Here is a very basic class for demonstration:

import java.util.*

interface Node {
    val value: Any
    val children: Iterable<Node>
    val parent: Node

    fun unlink() 
    
    fun accept(visitor: (Node) -> Any?): Any? {
        var result = visitor(this);
        if (result != Unit) return result

        for (child in children) {
            result = child.accept(visitor)
            if (result != Unit) return result
        }
        return Unit
    }

    fun visitOf(value: Any?, visitor: (Node) -> Any? = { it }): Any? {
        return accept {
            if (it.value == value) visitor(it) 
            else Unit
        }
    }

    fun removeAllOf(value: Any?): Any? {
        return visitOf(value) { 
            it.unlink()
            Unit
        }
    }

    fun removeFirstOf(value: Any?): Any? {
        return visitOf(value) { 
            it.unlink()
            it
        }
    }

    fun findFirstOf(value: Any?): Any? {
        return visitOf(value) {
            it
        }
    }
    
    fun listAllOf(value: Any?): List<Node> {
        val list = ArrayList<Node>()
        visitOf(value) {
            list.add(it)
            Unit
        }
        return list
    }
}

Very compact and the only thing to look out for is implicit return that will abort and return that value.

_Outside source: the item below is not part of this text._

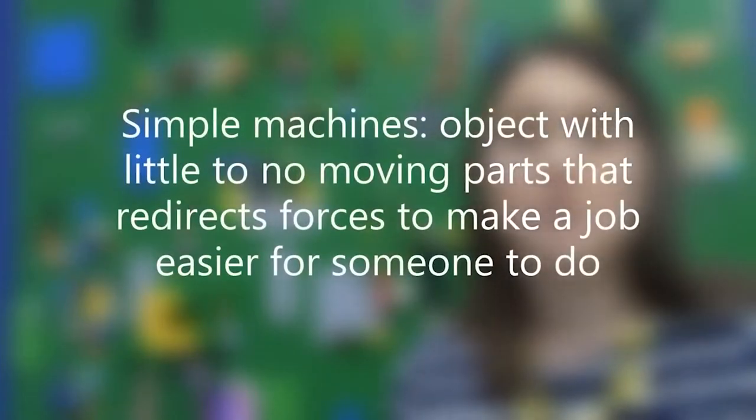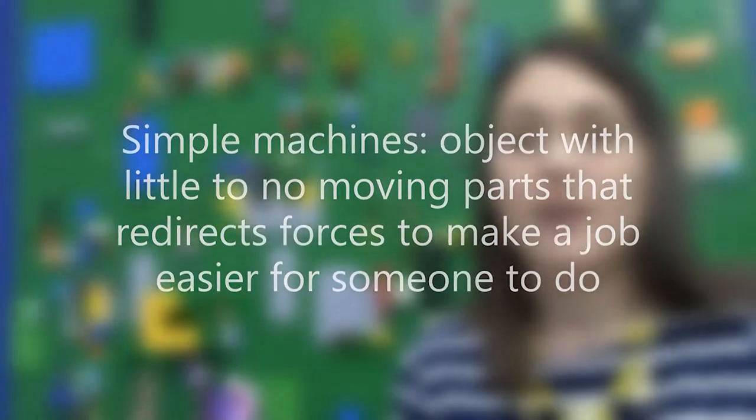We're going to use simple machines to solve a problem today, thinking about the engineering design process and also the book 'If You Give a Mouse a Cookie.' First, let's cover what simple machines are. There are six different simple machines. A simple machine is an object with little to no moving parts that redirects forces to make a job easier for someone to do. You use simple machines all the time and don't even realize it. I want you to look around your house or room and think about where you see these simple machines every day — because engineering is in every part of your life.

forEach is limited because it cannot break out early. This is too convenient not to use. I will add a forAll to my iterables that will treat a non-Unit return from the lambda as an early loop break.


#2

For searching the first occurrence you can use
https://kotlinlang.org/api/latest/jvm/stdlib/kotlin.collections/first.html
https://kotlinlang.org/api/latest/jvm/stdlib/kotlin.collections/first-or-null.html


#3

The search first was just an example of breaking out from a lambda as a demonstration. Real usefulness comes when you need to implement more complex conditions.


#4

As in most cases you will want to have an iterator, it is quite easy to use the first or firstOrNull functions on top of that iterator (or on top of a filter as intermediary).

What you are doing is effectively an interruptable visitor that also returns a possibly null value. In that specific case (if an iterator is going to be problematic) conceptually you need a union type (or tuple) to indicate the “no value” result that is distinct from null (java references are effectively union types as well). As the no value type can be represented through a single (sentinel) value, the use of Unit in this case is quite ok (at the cost of type-safety).


#5

@pdvrieze, my point is that Unit can be more useful than just an implicit return type and value.

Iterators take more than 7 lines of code to implement and lugging a tuple around instead of checking for not Unit has more overhead on all fronts.

Type safety is great when it works for your use case. When it does not, it gets in the way with a lot of unnecessary complexity, boiler plate code and overhead.


#6

@vladimir_schneider I agree with you in principle. In many cases you have an iterator anyway. But if you don’t your idea has merit. Tuples certainly are overkill here.